▸ What to work on
When you reach a picture, pass over it; otherwise repeat the listing word for word.

▸ Data segment
====================

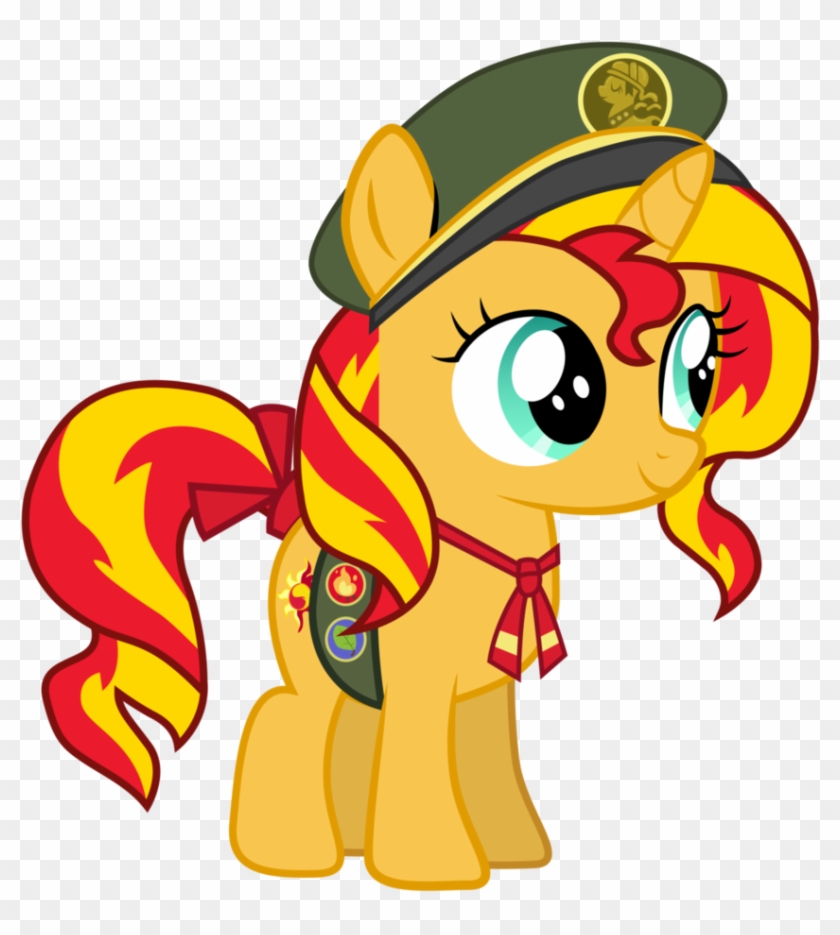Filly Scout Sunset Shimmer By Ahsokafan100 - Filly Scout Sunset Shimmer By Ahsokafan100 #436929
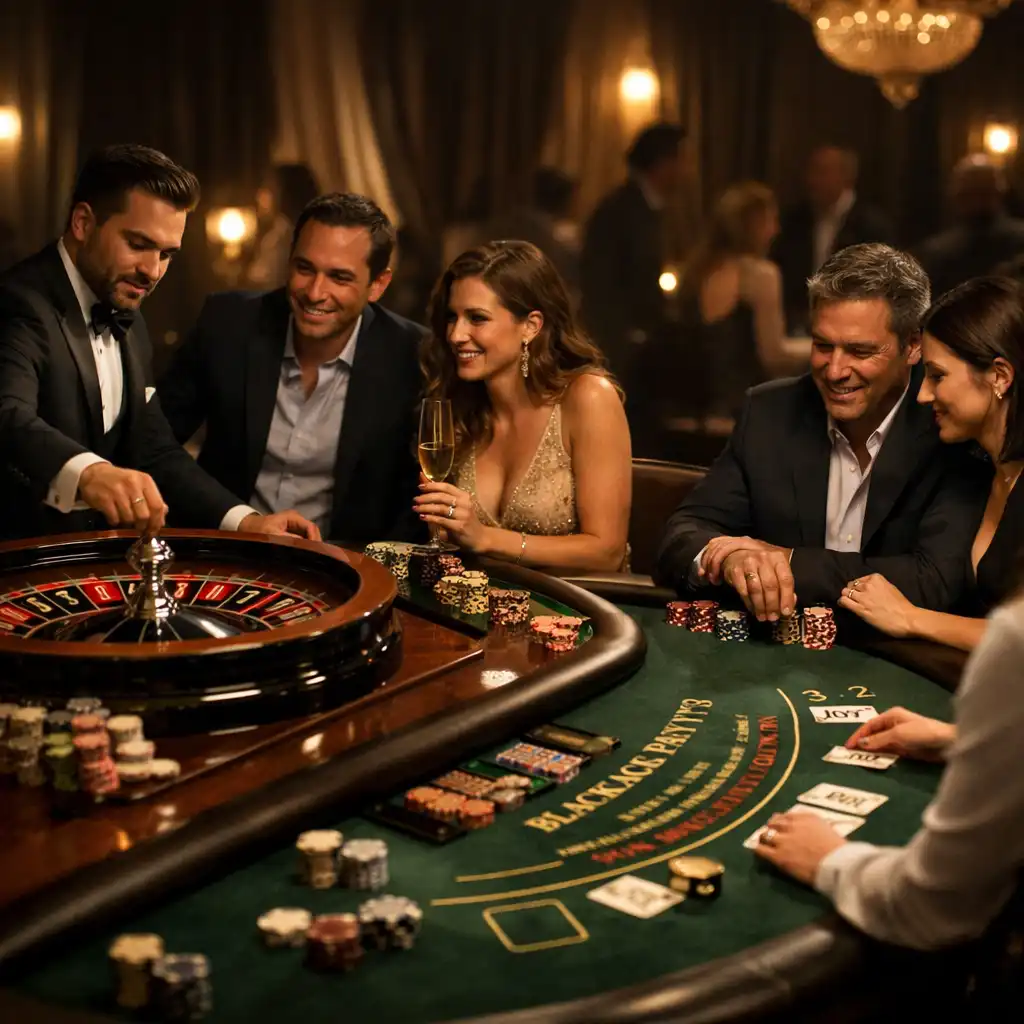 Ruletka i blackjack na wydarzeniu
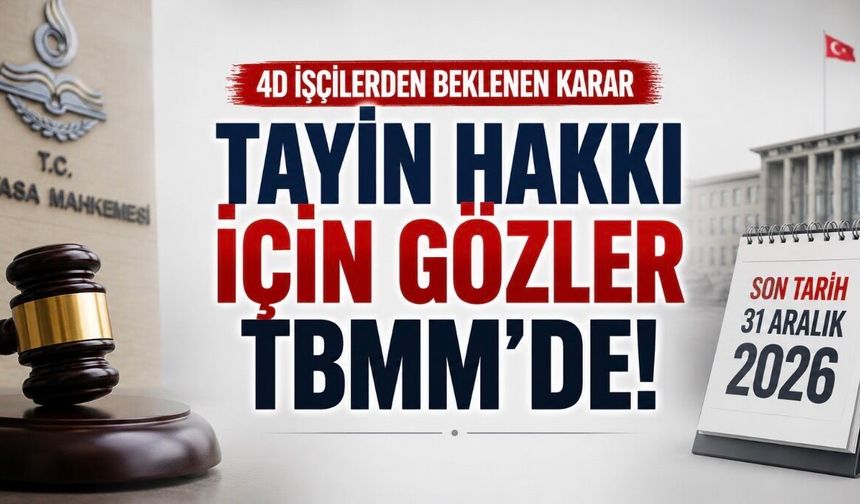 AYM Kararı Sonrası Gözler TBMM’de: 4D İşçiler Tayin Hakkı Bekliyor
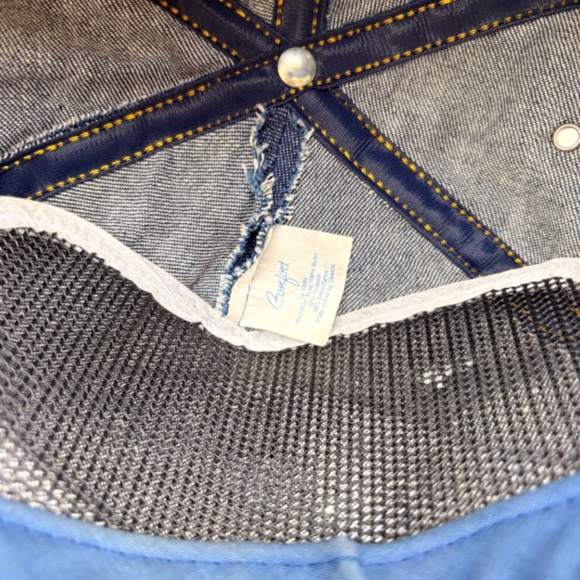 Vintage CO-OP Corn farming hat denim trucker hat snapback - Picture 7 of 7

====================

▸ Task result
Filly Scout Sunset Shimmer By Ahsokafan100 - Filly Scout Sunset Shimmer By Ahsokafan100 #436929
 Ruletka i blackjack na wydarzeniu
 AYM Kararı Sonrası Gözler TBMM’de: 4D İşçiler Tayin Hakkı Bekliyor
 Vintage CO-OP Corn farming hat denim trucker hat snapback - Picture 7 of 7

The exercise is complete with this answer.